Integrated versus Injected Change-Tracking (was RE: Change tracking processing instructions and deletion) from Dennis E. Hamilton on 2014-09-20 (public-change@w3.org from September 2014)

From: Dennis E. Hamilton <dennis.hamilton@acm.org>
Date: Sat, 20 Sep 2014 11:49:08 -0700
To: <public-change@w3.org>
Message-ID: <006401cfd503$8fd2f8a0$af78e9e0$@acm.org>
There is something that has been nagging at me about the use of XML Processing Instructions to inject change-tracking into the XML employed in expression of documents where the XML documents and application do not provide for change-tracking.
 
I can’t rule out its usage, it is clearly successful, but I wonder about the scope in which it is applicable.  
 
For example, there are cases where it is not possible to produce application-valid change-tracking without awareness of the schema and the additional document model/structure that is imposed on the way XML documents are used as a carrier of a higher-level document-file format.
 
Let’s call this schema awareness, for simplicity.  Now, in deriving the injected change-tracking by comparison of two files, this is not a problem because the two files are each presumably for valid documents.  However, the presentation of the tracked changes in human-readable form, and the constraints that may apply on acceptance and rejection of changes, do require schema awareness in this sense.
 
Furthermore, although XML says nothing about processing instructions beyond forbidding “?>” and indicating what is needed for a prelude to the rest of the PI, there will eventually have to be a schema for whatever is in the PIs.  There may likely be need for coupling among them.  (A change could consume a PI and there may be needs for couplings that are neither hierarchical or tied to the XML hierarchy.)
 
I suppose the point is that there are many cases where injection is not an orthogonal act.  In that case, there needs to be some sort of indication of the scope of application of injected changes that makes it clear that some integrative profile applies.  To avoid arriving at the previously-unsolved problem, there needs to be a lot of engineering attention around failure modes where injected material is mangled or removed, and where changes are made post-change-tracking that are not themselves change-tracked.
 
I suppose there is at least one use case in here.  I have not teased it out.
 
It would be good to know whether orthogonality and injectability of change-tracking is an assumption or not, though.
 
-   Dennis
 
From: Robin LaFontaine [mailto:robin.lafontaine@deltaxml.com] 
Sent: Thursday, September 4, 2014 08:45
To: public-change@w3.org
Subject: Re: Change tracking processing instructions and deletion
 
Hi Claudius,

I think one issue with XQuery Update for change tracking is that although it looks good for one transaction, it does not work well for multiple transactions because the XPaths will change as the document is changed. In theory you could undo the changes in order (though only if every change had been tracked), but it would be almost impossible to undo in any other order with predictable results.

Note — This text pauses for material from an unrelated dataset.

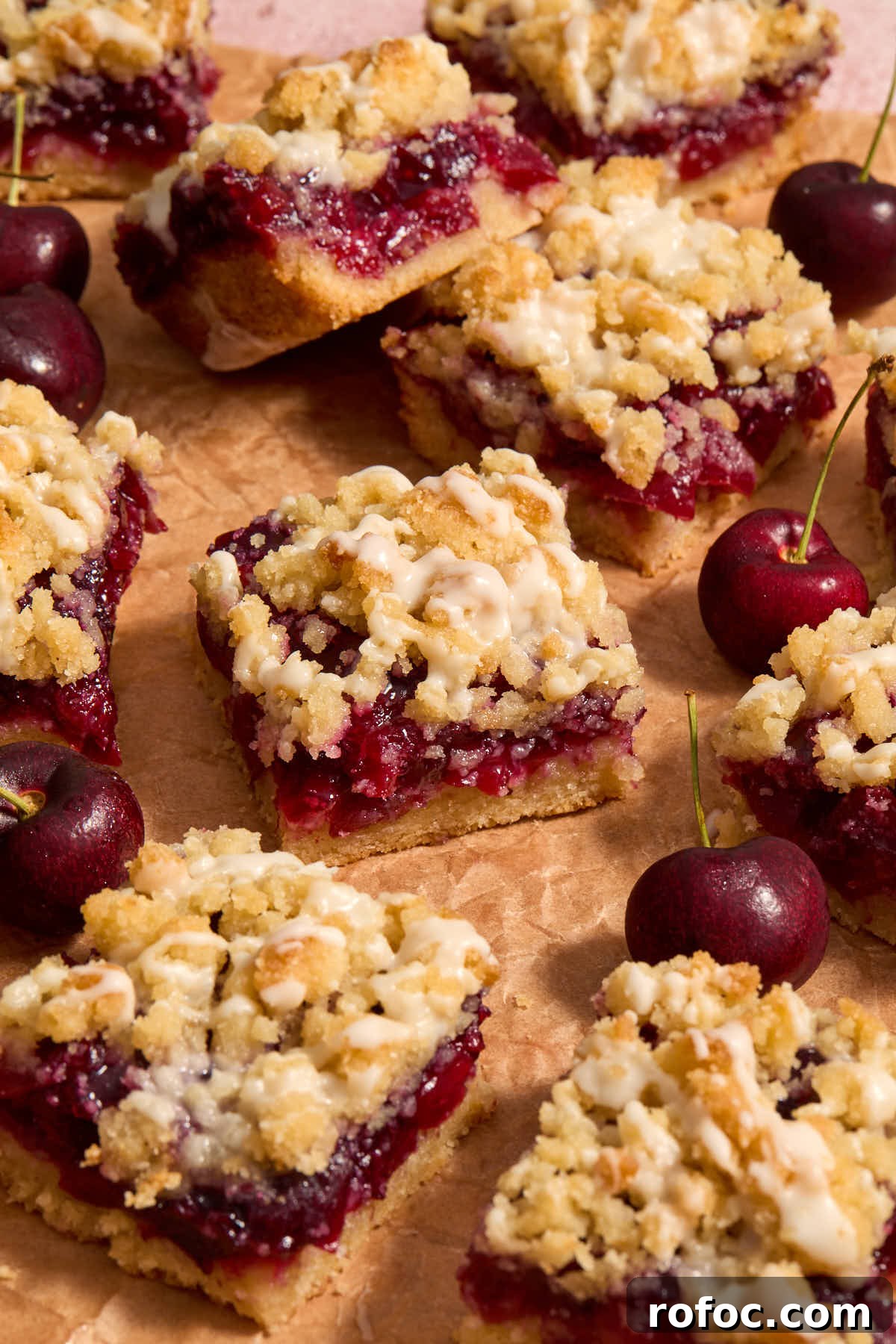 Almond Flour Cherry Pie Bars Recipe — Tender Cherry Dessert Bars 15 Cherry pie bars arranged on parchment with cherries around them.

Consider also a document with a series of XQuery Update changes, it would be quite hard to work out how to display these changes, but much easier if the changes are embedded in PIs within the document (or indeed in markup).

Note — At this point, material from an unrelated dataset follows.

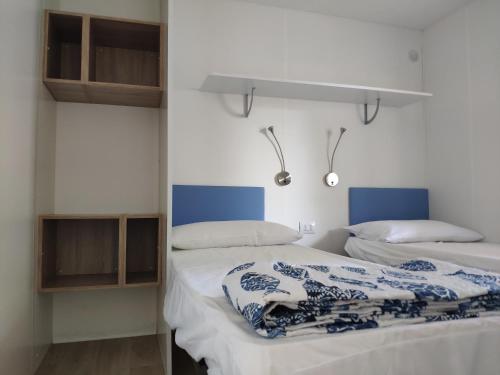 2 camas en una habitación con paredes blancas y detalles azules en Camping Sassabanek, en Iseo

There is a design decision about where to keep the changes:
1. Within the document
2. Separate, e.g. in a series of transactions in XQuery Update

Most current systems I believe use choice 1, either as markup (e.g. Word, ODF, Arbortext) or PIs (e.g. oXygen, XMetaL, Xopus). I think there are good reasons for this choice.

Robin

-- 
Robin La Fontaine
Director
DeltaXML Ltd "Experts in information change"
 
T: +44 1684 592 144 
E: robin.lafontaine@deltaxml.com <mailto:robin.lafontaine@deltaxml.com>  
W: http://www.deltaxml.com
Malvern Hills Science Park, Malvern, Worcs, WR14 3SZ, UK
Registered in England 02528681 Reg. Office: Monsell House, WR8 0QN, UK
 
On 28/08/2014 17:49, Claudius Teodorescu wrote:
Hi,


It is very nice to see PIs used to track changes. Last year, when I mention PIs as a method for track changes, on this list, I had no clue they were used.
As to syntax for effectively track changes, why not use XQuery Update?
Your example would become: 

<?change user="nigel" time="2014-08-27 15:12:00" change="delete node //p[1]" ?>
for example.
Another example 

<?change user="nigel" time="2014-08-27 15:12:00" change="insert node <p xml:lang="en">Hello World</p> into //body" ?>.
Thus, it is plain what p element was deleted (as the respective XPath expression identifies it clearly for the respective version of document)
 
The only overhead is that the deleted content has to be stored, too, in order to revert the changes, etc.


Claudius
 
On Wed, Aug 27, 2014 at 5:59 PM, Nigel Whitaker <nigel.whitaker@deltaxml.com <mailto:nigel.whitaker@deltaxml.com> > wrote:
Hello everyone,
 
There's an aspect of the existing change tracking PIs that are used in a number of systems that I've often wondered about:
 
The PIs that are used follow the convention of using an attribute-like syntax.  Its a convention that's been adopted for standard PIs such as xml-stylesheet and xml-model.
While its a convention, the XML spec itself doesn't say a lot about what you can/can't do in a PI
 
When content including elements and attributes is deleted in change tracking systems the content is typically escaped so that its a legal attribute.
 
Suppose I was to delete this paragraph:  <p xml:lang="en">Hello World</p>
 
We may see something like this (I'm generalising from what I've seen in a number of systems):
 
<?change user="nigel" time="2014-08-27 15:12:00" delete="&lt;p xml:lang=&quot;en&quot;&gt;Hello World&lt;/p&gt;" ?>
 
 
The angle brackets and quotes have been 'escaped' to make it a legal attribute.  I've got code to deal with this process, but I do wonder if its necessary and if things could be simplified?
 
If we don't use attributes we could perhaps do this:
 
<?change
  <delete>
    <dc:creator>nigel</dc:creator>
    <dc:time>2014-08-27 15:12:00</dc:time>
    <deletedContent><p xml:lang="en">Hello World</p></deletedContent>
  </delete>
?>
 
The pseudo-attribute based representation is more compact for small cases certainly, but if there's a large amount of deleted content then the size needed for escaping grows.
 
And with the XPath3/XLST3 parse/serialize functions coming soon (and saxon:parse()) would an 'element based PI'  be easier for new-comers to read and process?  And perhaps there could be a convention of using a .xsd or .rng grammar to specify the PI content.
 
 
It's not a big issue for me - I've written the code for handling the escaping, but I've often wondered if things could be easier.
 
I wonder if there are any advantages to the attribute like notation, other than its a convention that's always been followed.  Does anyone know the history here?
 
Thanks,
 
Nigel
 
 
-- 
Nigel Whitaker - DeltaXML Ltd - nigel.whitaker@deltaxml.com <mailto:nigel.whitaker@deltaxml.com> 
 



-- 
http://kuberam.ro
http://kuberam.ro/art
Received on Saturday, 20 September 2014 18:49:31 UTC